‘Pandemic exposes lack of state capacity in Africa’

Kingsley Moghalu

Moghalu declares intention to run for president

Former Deputy Governor of the Central Bank of Nigeria (CBN), Kingsley Moghalu, yesterday, has said the COVID-19 pandemic exposed lack of state capacity in Africa, insisting that the outbreak of the virus should not be an excuse for underdevelopment of the continent.     
 
Moghalu, who was the 2019 presidential candidate of the Young Progressives Party (YPP), stated this at the 19th annual lecture of the Centre for Values in Leadership (CVL) in Lagos with the theme: Economic Evolution Of Life After COVID-19: Measures To Rebuild Economies Of Africa.

He questioned the readiness of Nigeria and the African continent for the post- COVID-19 order or whether they were at the end of the beginning or the beginning of something else.

 
Moghalu, who charged African countries to start looking for alternative sources of what he described as “systematic and structural financing,” told The Guardian that he would contest the presidency of the country in 2023.

“Some of the sources include land and taxation reforms.

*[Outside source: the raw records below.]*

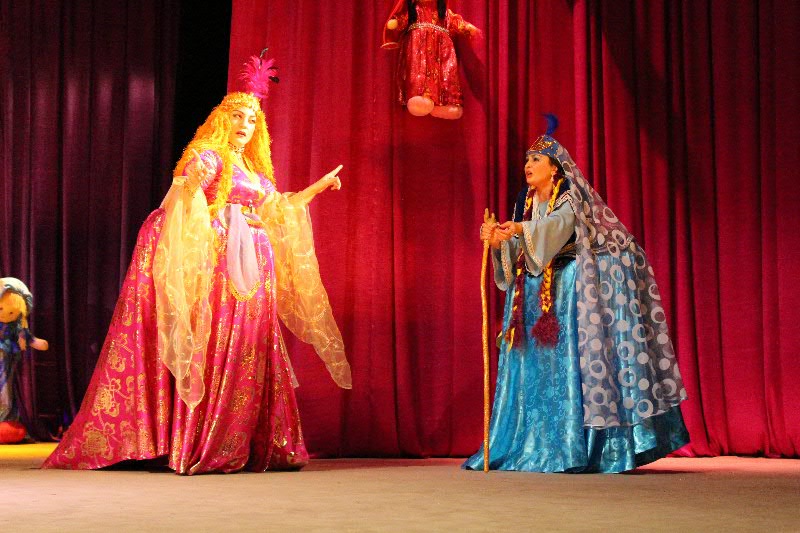 Уик-энд в Баку: интересные спектакли для взрослых и детей (ФОТО)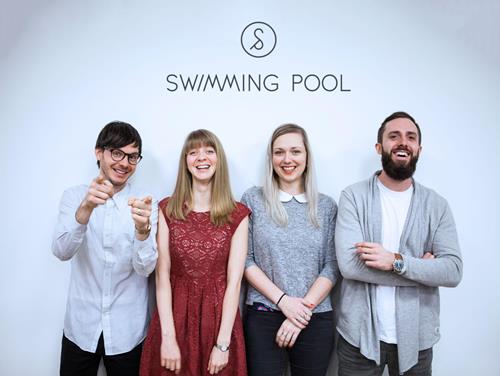 Do agentury Swimming Pool přichází Mark Long, Květka, Chloé Sova a Filip Škaloud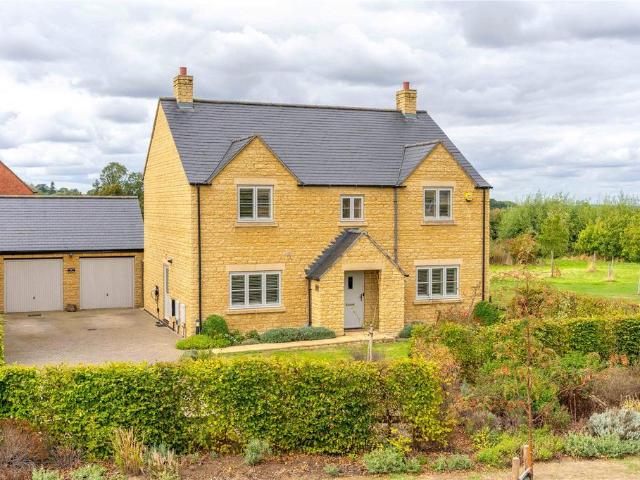 House for sale in Mickleton, Cotswold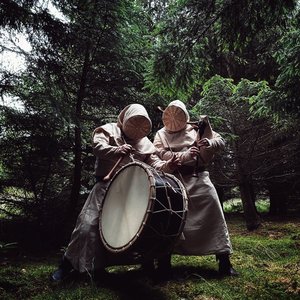 Tabernis - Rythmes mystiques dans la forêt : un duo envoûtant au tambour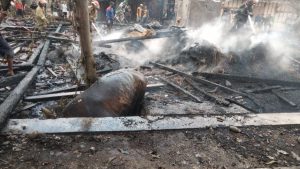 Ketiga rumah tersebut milik Parmin. Akibat kebakaran tersebut hewan piaraan sapi dan kambing ikut hangus terpanggang.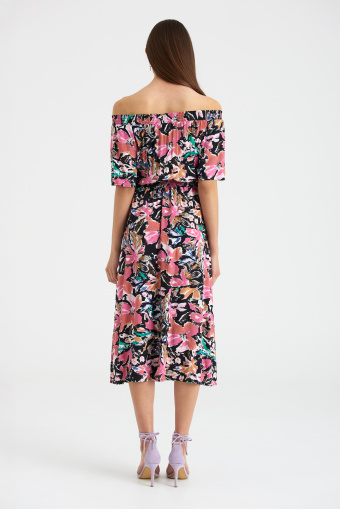 Casualowa sukienka z kwiatowym nadrukiem, dekolt carmen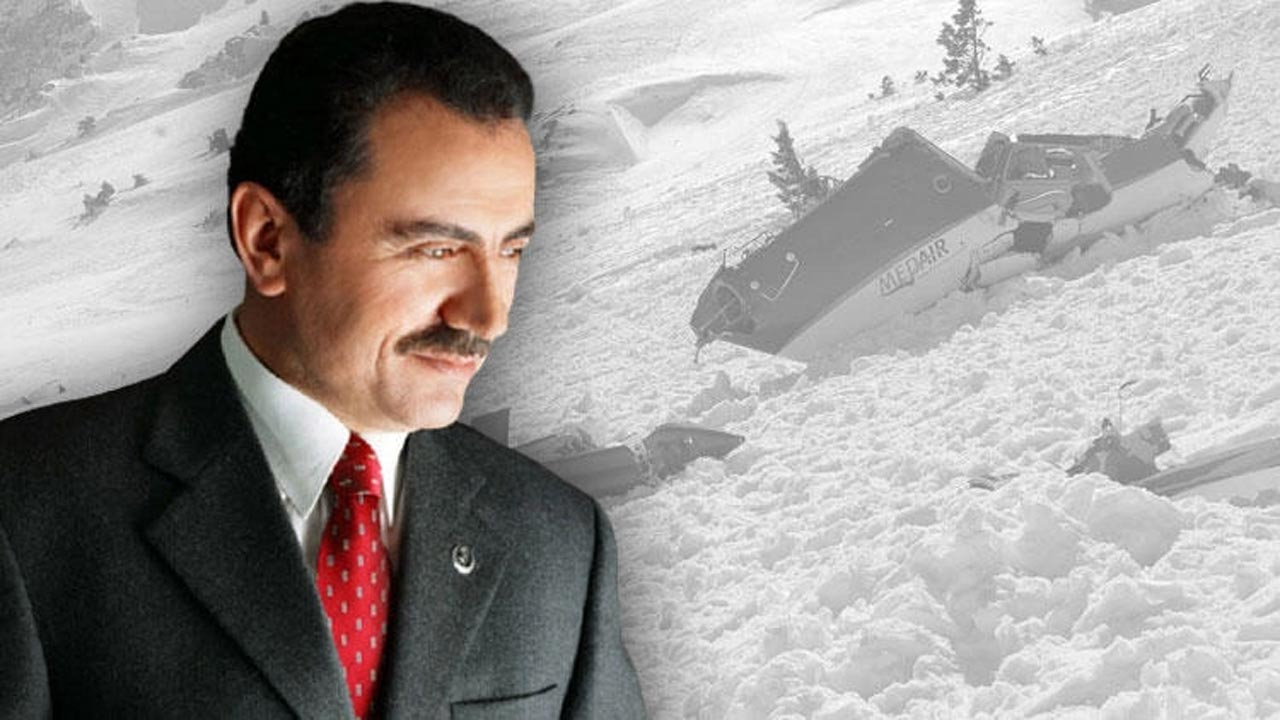 Furkan Yazıcıoğlu : İki tane jet uçuyor ama radarda tek jet görülüyor!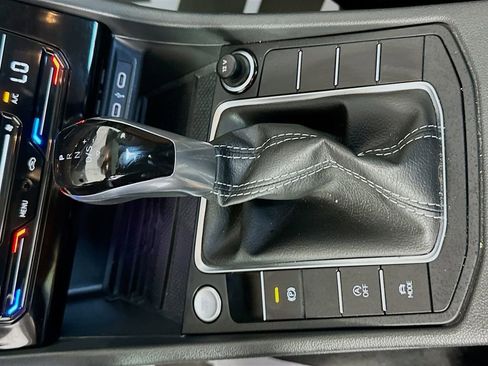 Used 2025 Volkswagen Jetta SEL FWD image 17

We need to have a conceptual and philosophical understanding of how we can raise and spend money for our development, because the philosophical choices we make will determine how far we can raise money,” he said.
 
He lamented that the country was operating a system where the government wants to do everything, award contracts, but was not opening up for Public Private Partnership (PPP).
 
Speaking, Founder of CVL, Prof. Pat Utomi, who spoke on Is There Economic Life After COVID, said: “Africa emerged from the tortured season of Afro-pessimism just as China and India were rising. The rise of those economies drove a commodities boom that propelled several African economies to dominate the league of the top 10 fastest-growing economies of the world.
 
“Then the commodities boom began to plateau and COVID-19 brought supply chain crisis, lower demand for crude oil and ports challenges. Is there life for African economies in such perilous times even as ACFTA prepares to facilitate the easing of such challenges as tariff and nontariff barriers to cross border trade, which colonial-era partition of Africa made deep chasms and obstruction to commerce.”